James Hogg was one of Scotland’s major writers and is (especially in the Scottish Borders) a celebrated author of poetry, essays and novels, his books belong to the curriculum in the upper grades at schools and literature courses of universities. But internationally he is far less known as Sir Walter Scott, Robert Burns or Robert Louis Stevenson.
Born in Ettrick in 1770, he lived here all his life. He died at the age of 64 and was buried in the kirkyard, just a stone’s throw away from the cottage where he lived. Not only did he write here in Ettrick, he also worked here, and that was also the attribute under which Hogg was known in Scotland “The Ettrick Shepherd”, the shepherd from Ettrick.
In his family, the men were either shepherds or forest workers, believing in simple country life and supernatural powers. His father was an active member of the Church, his mother told him stories of wizards, fairies, and the myths of the Borders, which she generously narrated and sang. Her name was Meg Laidlaw, like many Scottish women, she had kept her maiden name after the marriage and was not named Hogg. She gave her son her love for the old stories and ballads, and she later sang them to Walter Scott when he was collecting them for a book, he was to publish with the help of her son.

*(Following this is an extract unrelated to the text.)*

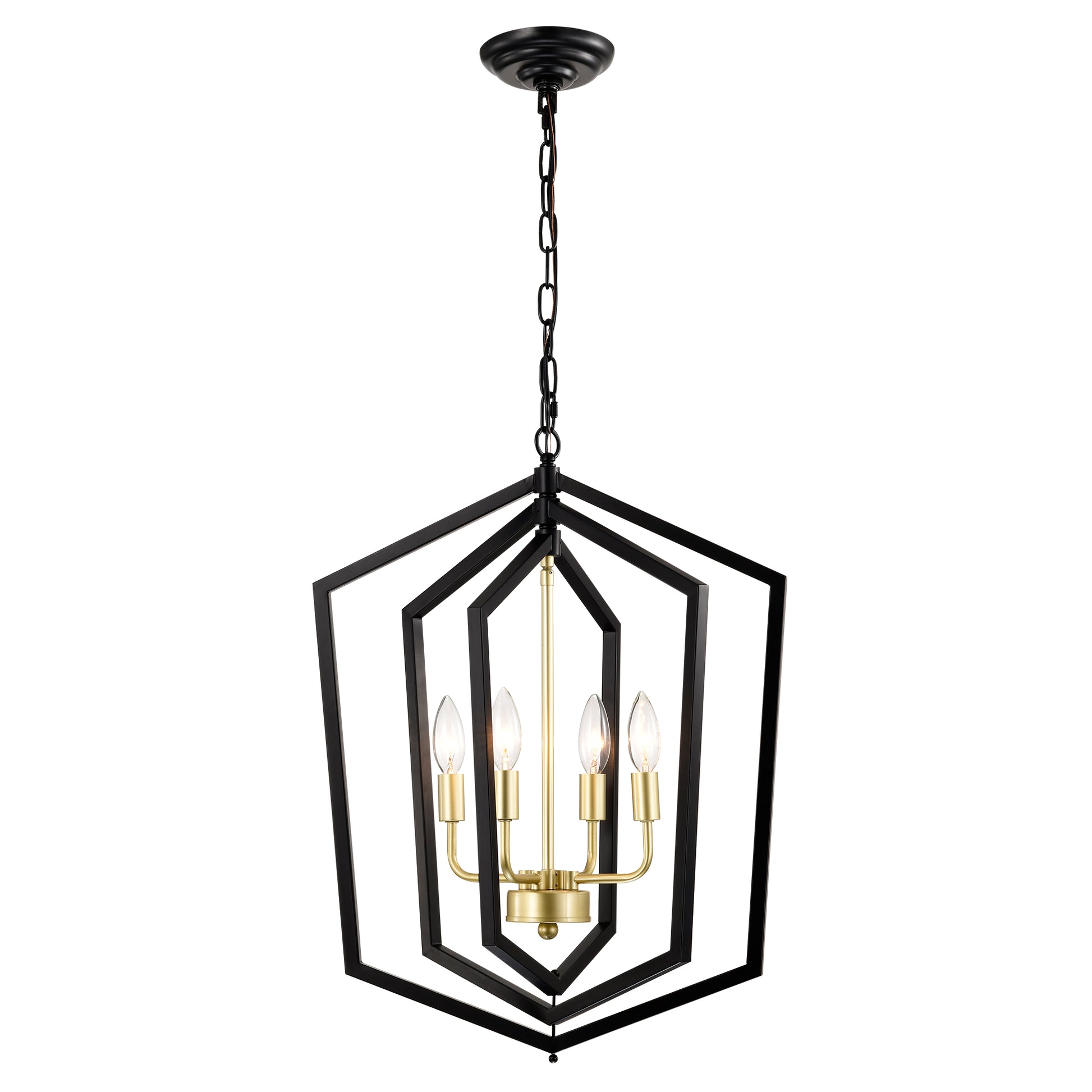 Geometric black and brass chandelier with four candelabra bulbs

A Hogg is said to have even defeated the famous wizard Michael Scott and been the last to talk to the fairies, so the Hoggs were a locally well connected if not famous family. Everything the young James had written, he had taught himself. As a boy he had left school at the age of seven.
He and Walter Scott kept close contact, Hogg profited greatly from Scott’s contacts and his worldly manner, but Scott also benefited from Hogg, who did not admire but was part of the simple country life and involvement in the stories of the Borders. He did not just celebrate the simple things, he lived the simple life, much closer to what Scott was looking for than Scott himself.
Like Robert Burns, his background was simple, but Burns, whom Hogg greatly admired throughout his life, could easily move in the so-called better society. That was much hard er for Hogg, and may be one of the reasons why his fame never matched that of Scott or Burns. He simply lacked the right behaviour for the elite circles. He lived on the land of the Duke of Buccleuch and managed his Altrive farm in Yarrow, went fishing and practiced all sorts of sports, including wrestling and archery.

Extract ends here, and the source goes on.